Steve Hauk is a playwright, short story writer, and art expert in Pacific Grove, California. Co-curator of This Side of Eden—Images of Steinbeck's California, the inaugural art exhibition at the National Steinbeck Center, he has written on John Steinbeck for Steinbeck Review and is the author of two CINE Golden Eagle award-winning PBS-telecast documentaries narrated by Jack Lemmon, Time Captured in Paintings: The Monterey Legacy and The Roots of California Photography: The Monterey Legacy. His plays include Fortune's Way, or Notes on Art for Catholics (and Others)The Floating Hat, Reflections of an American Mossad, The Forgotten Computer Genius, and The Cottages, Scenes from Lives Interrupted. Steinbeck: The Untold Stories, a book of fictional stories published by SteinbeckNow.com and based on Steinbeck's life, is available through Amazon and at selected bookstores. His most recent work is Eden Armed, a similarly imagined play.

Comments

  1. Wes Stillwagon says:

    Great reading. The only comment I have is the apparently meetings described, I believe were synchronistic and meant to be as well as the meeting between Steinbeck and Ricketts — all to the benefit of humanity.

  2. Patricia Nolan Stein says:

    I always believed William Saroyan read “Tortilla Flat” when it was published in 1935.
    And then…… “Tortilla Flat” inspired Saroyan to write his own novel about a beloved California community…. also filled with eccentric and non-conformist characters.
    “My Name is Aram” was published in 1939. There are some wonderful similarities to “Tortilla Flat”……and both are wonderful, classic novels of California.

  3. Wendy Salisbury Howe says:

    Thanks for another thoughtful, absorbing article by Steve Hauk. He seems to know everybody and always has a good story to tell.

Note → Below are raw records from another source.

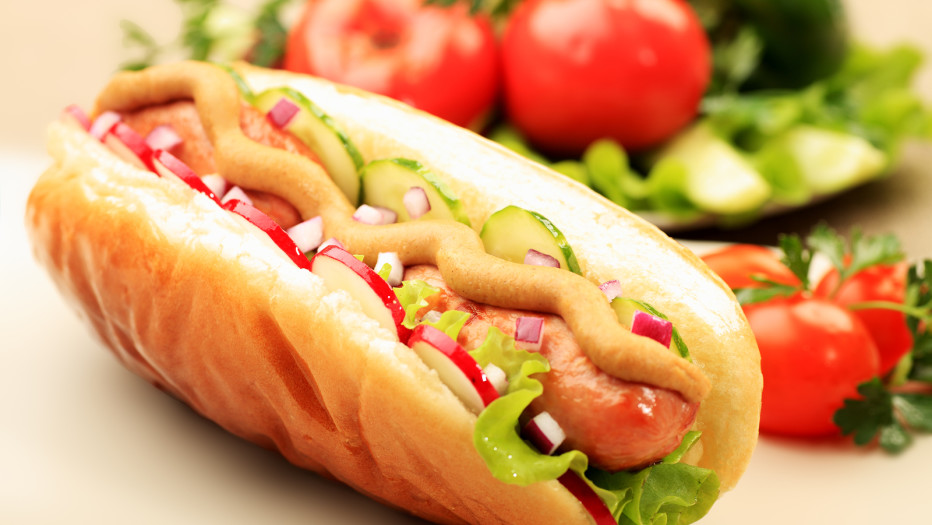 Close up of hot dog. Fast food. Isolated over white background.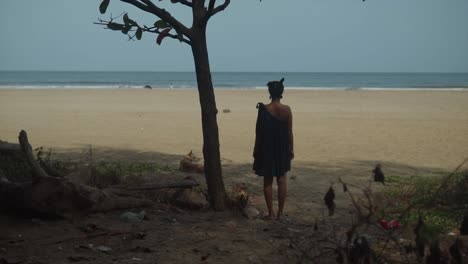 una joven solitaria está de pie junto a un árbol solitario en la entrada de una playa vacía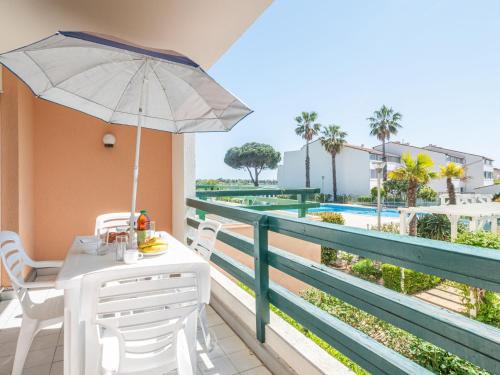 un balcon avec une table, des chaises et un parasol dans l'établissement Apartment Les Terrasses du Lac-7 by Interhome, au Grau-du-Roi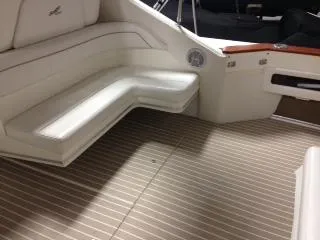 Slide: The Image of 1990 Sea Ray 390 Express Cruiser interior with white seating and striped flooring. - 46
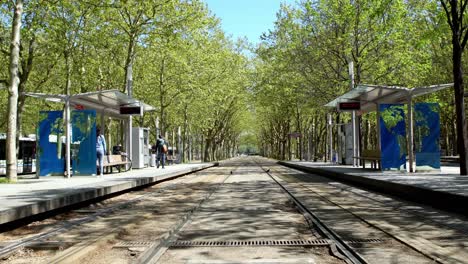 Trolley-Tram-stop-Quinconces-with-a-few-people-waiting-during-the-COVID-19-pandemic,-Handheld-stable-shot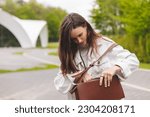 Elegant young woman looking in her brown bag her phone or purse. Traveler style woman wear jeans jacket, top and bag on the street. Street style, fashion outfit, woman walk in park, look happy.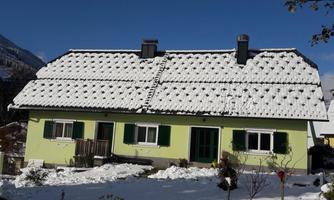A charming green house with a snow-covered roof. The garden and surroundings are also decorated for winter.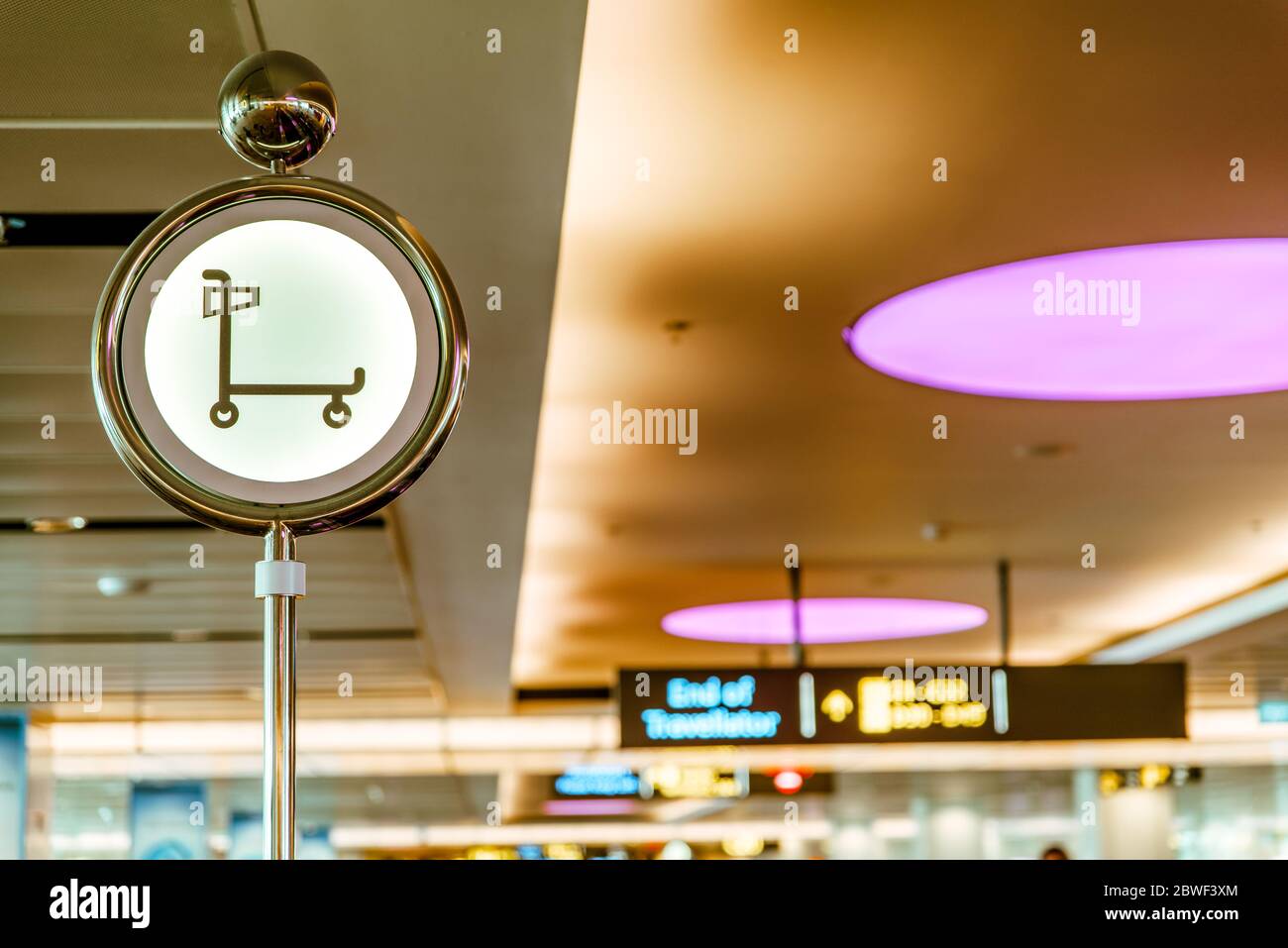 Beleuchtetes Schild mit Gepäckwagen, Trolleys für Gepäck. Bequeme Art des Gepäcktransports am Flughafen Stockfoto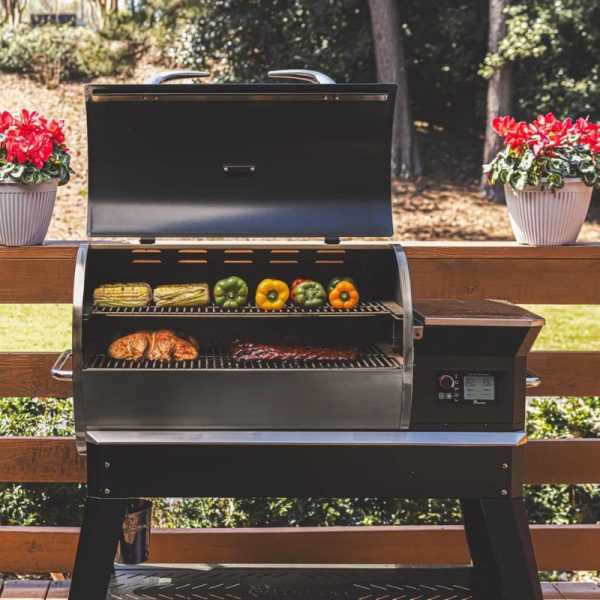 Outdoor grill with meats and vegetables cooking on the rack, featuring a black exterior, open lid, and surrounded by potted flowers on a wooden deck.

  4. Thanks Steve, well said and well done! When Ed Larsh was writing: Doc’s Lab; Myths and Legends of Cannery Row published in 1995 we were fortunate to have many of the original Lab group alive including Jean and Bruce Aris. Both had wonderful stories to tell about their time with John Steinbeck as written about in Ed’s book. I remember one discussion with Jean (Bruce had passed) in the garden of her home where she essentially told the story on which you just wrote.

    The tapes of these interviews (the last ones with the folks of the first lab group) I believe were given to the Town of Monterey for their Steinbeck collection by Ed’s daughter Sky Larsh.
    And as Wes Stillwagon elegantly points out synchronicity was at work.